Pilla was born in Venafro, Molise, to doctor and scholar Nicola and his second wife Anna Macchia. After the death of his mother in 1818, his father married a relative Nicolina Macchia. Pilla did not get along well and the father shifted him to Naples where he lived in the home of his father's friend Nicola Covelli and went to study at the private school of Basilio Puoti before entering the University. In 1821 he joined to study veterinary medicine and qualified in 1825. He then went to study medicine and graduated in 1829. In 1831 he was sent by the Bourbon government to Vienna to study cholera which was threatening Italy. He worked at a military hospital and also took an interest in geology and mineralogy having attended classes under Matteo Tondi. In 1833 he visited the crater of Vesuvius where he was interested to know if volcanoes emitted flammable gases which could burst into flames. In 1841 he was appointed honorary professor in-charge of mineralogy and geology at the University of Naples. He was given no salary and any career advance was blocked by Teodoro Monticelli as he was considered politically unfit, being considered a liberal, his father having been a Jacobin suspected to have been in the Carbonari. In 1842 he became a professor of mineralogy at the University of Pisa and began to correspond with French journals.

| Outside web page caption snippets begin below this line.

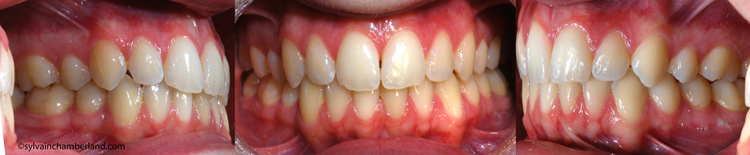 Asymétrie camouflage dentaire-Dr Chamberland orthodontiste à Québec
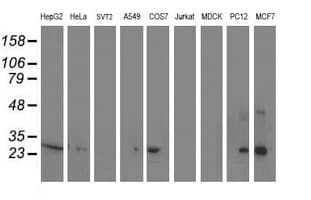 SIRT5 / Sirtuin 5 Antibody (clone OTI2F1)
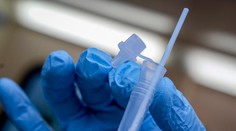 Opäť máme viac ako 20-tisíc pozitívnych, covidu podľahlo 24 pacientov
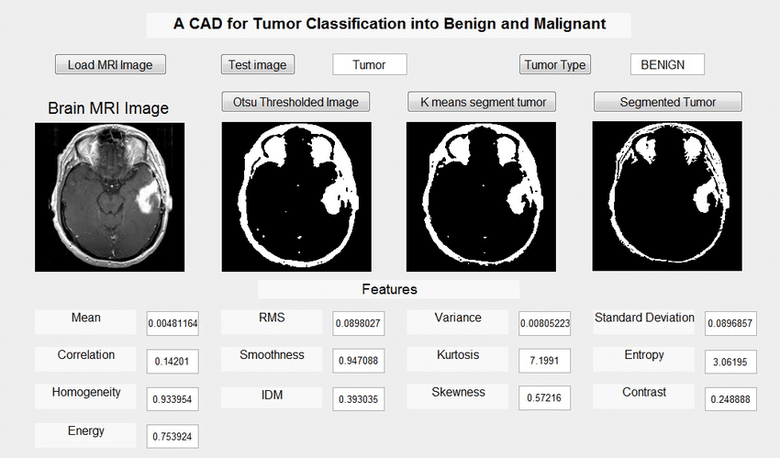 a cad for tumor classification into benign and malignant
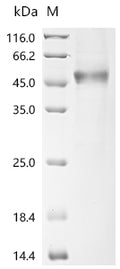 (Tris-Glycine gel) Discontinuous SDS-PAGE (reduced) with 5% enrichment gel and 15% separation gel.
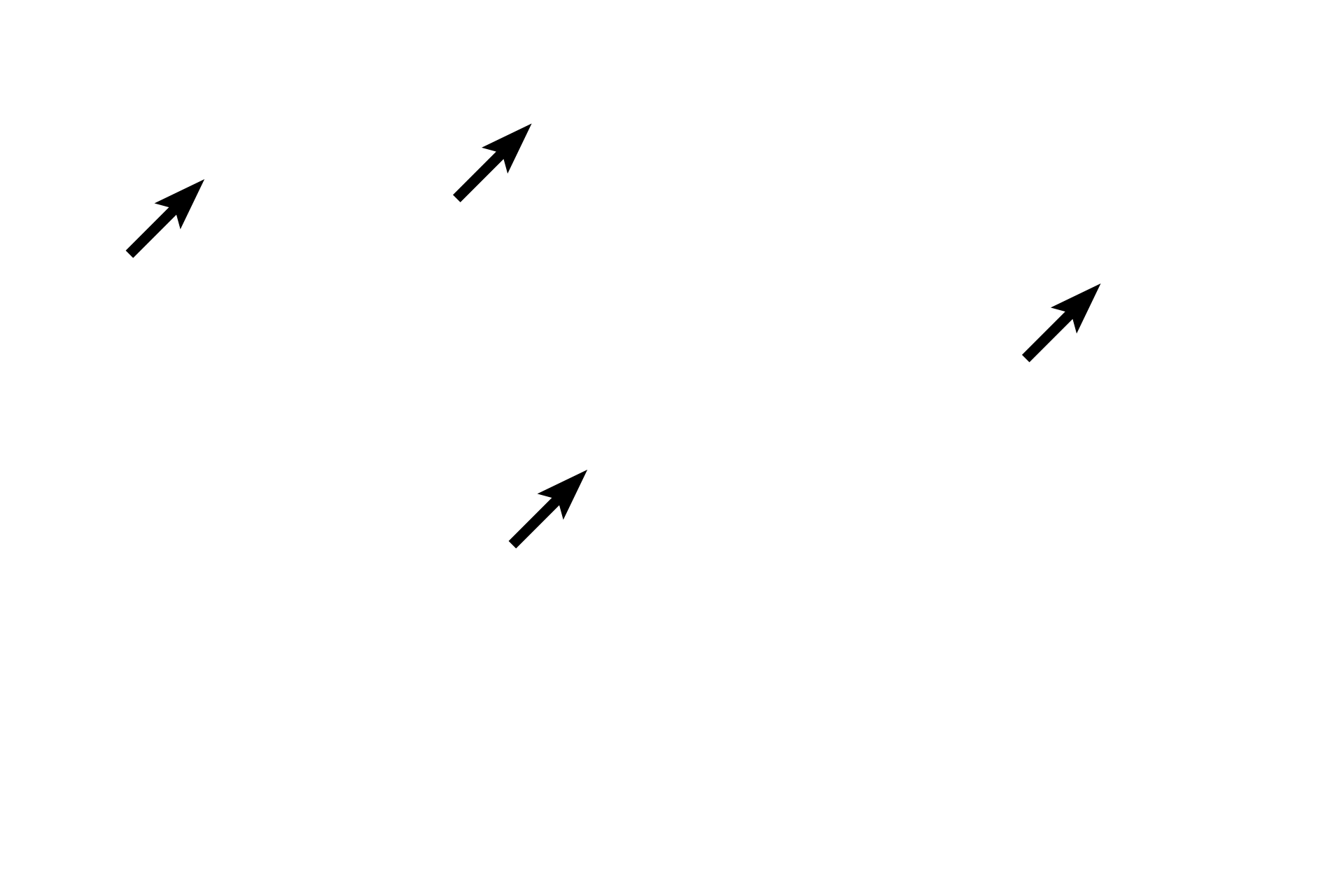  - Secretory granules <p>Only large accumulations of RER can be identified at the LM level.  This cluster of pancreatic cells shows basophilic RER (blue staining) at the base of each wedge-shaped cell.  RER manufactures proteins for export that are packaged by the Golgi as secretory granules.  These granules accumulate in the cell apex for release from the cell.  1000x</p>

In 1848 he enlisted as Captain of the Tuscan University Volunteers in the Risorgimento. He moved to Campo delle Grazie near Curtatone where they were in charge of securing a river front. Pilla and the students were killed in the fighting, mowed down by Austrian machine gun fire at Osone bridge. His body was never found.

Pilla maintained notes on his life from 1830 that were later published as Notizie storiche della mia vita quotidiana a cominciare dal 1mo gennaro 1830. He however omitted the fact that he was in love with the daughter of the chemist Filippo Cassola, who however married his classmate Arcangelo Scacchi. He contemplated suicide in 1836. He acknowledged an illegitimate son Leopoldo Nocentini at the time of his death. A plaque marks his home in Venafro, as also a school named in his honour. Although he published in journals and influenced numerous students, Pilla's primary geological output was in his two volume Trattato di Geologia (1847). In his Trattato, he made use of a French translation of Charles Lyell's Elements of Geology, adopting Lyell's terminology. Pilla however did not believe in geological activity being uniform and suggested that the slow cooling of the Earth had reduced the intensity of volcanic eruptions and earthquakes.